**Work to complete:**
Everything from the line with "Age of the Gods: Furious 4" to the line with "Correa para Bici o Monopatín Beige" in the listing below, both lines included, needs to be copied exactly, apart from the pictures.
::: Supplied data
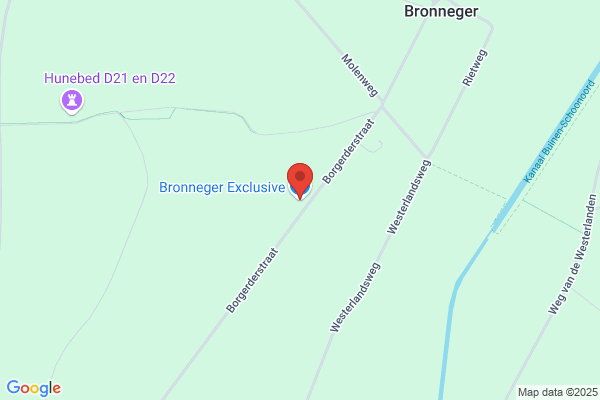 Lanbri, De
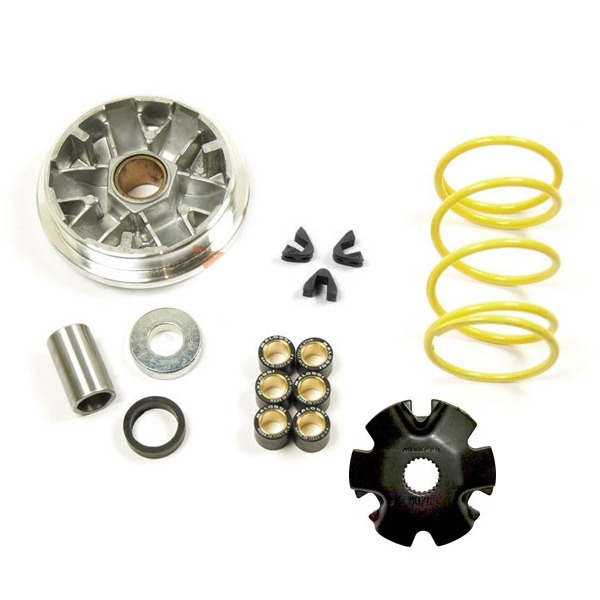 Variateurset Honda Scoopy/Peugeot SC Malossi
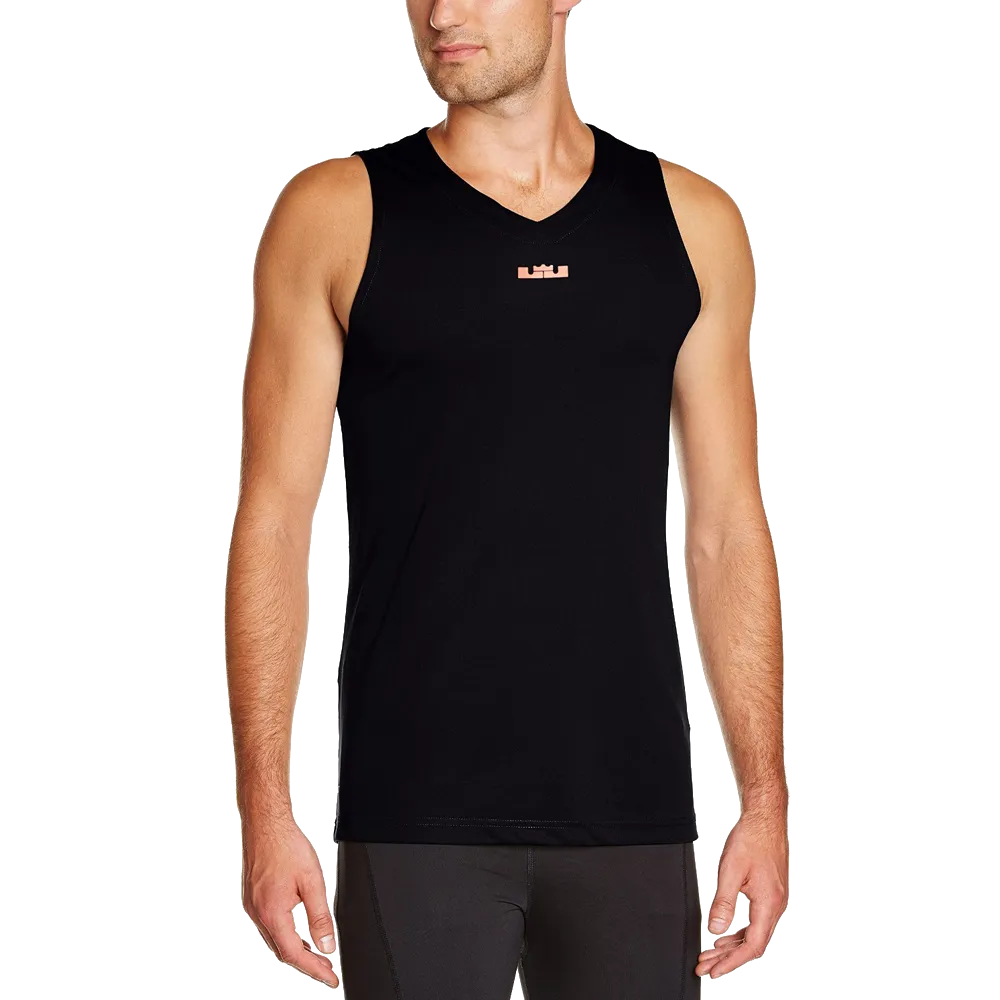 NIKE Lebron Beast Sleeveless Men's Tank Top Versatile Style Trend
::::::
::: Supplied data
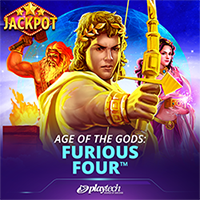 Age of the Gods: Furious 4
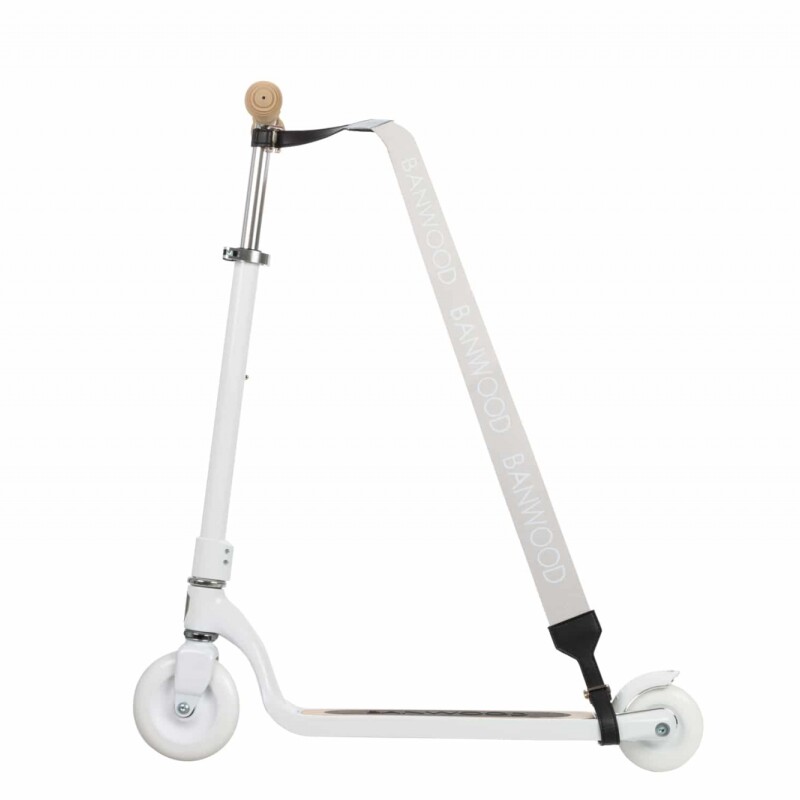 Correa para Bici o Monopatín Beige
::::::
**Solved problem:**
 Age of the Gods: Furious 4
 Correa para Bici o Monopatín Beige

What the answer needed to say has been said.